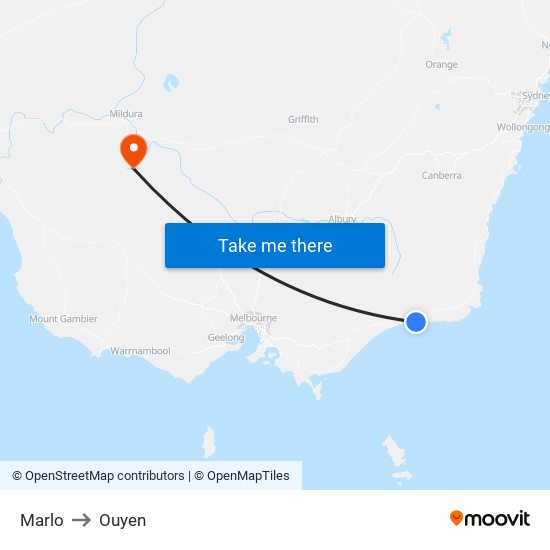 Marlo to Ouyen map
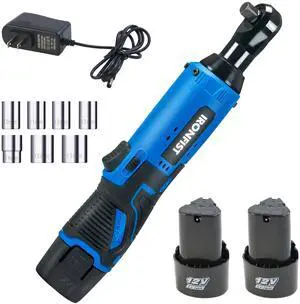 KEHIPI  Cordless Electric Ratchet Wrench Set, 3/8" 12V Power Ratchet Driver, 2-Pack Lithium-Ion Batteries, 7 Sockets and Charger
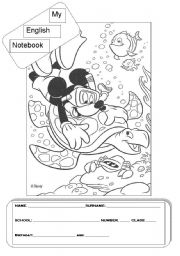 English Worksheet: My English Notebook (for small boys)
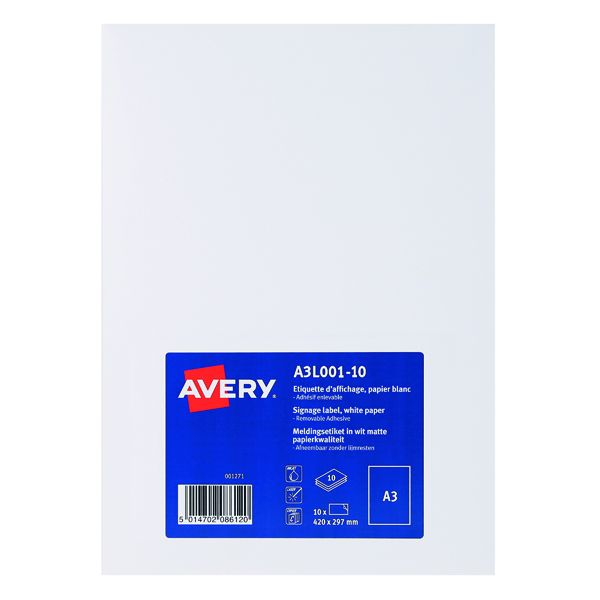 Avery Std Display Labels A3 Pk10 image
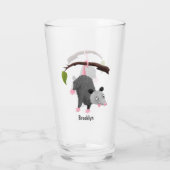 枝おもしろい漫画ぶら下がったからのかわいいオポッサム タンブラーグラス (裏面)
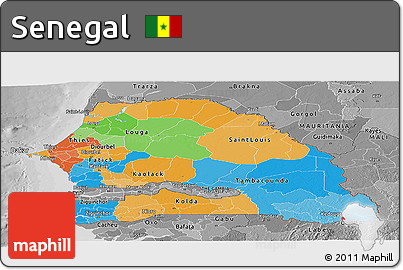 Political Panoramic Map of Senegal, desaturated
+ + + + +
Copy the entries exactly. Leave out the images.

Response to this task —
 Marlo to Ouyen map
 KEHIPI  Cordless Electric Ratchet Wrench Set, 3/8" 12V Power Ratchet Driver, 2-Pack Lithium-Ion Batteries, 7 Sockets and Charger
 English Worksheet: My English Notebook (for small boys)
 Avery Std Display Labels A3 Pk10 image
 枝おもしろい漫画ぶら下がったからのかわいいオポッサム タンブラーグラス (裏面)
 Political Panoramic Map of Senegal, desaturated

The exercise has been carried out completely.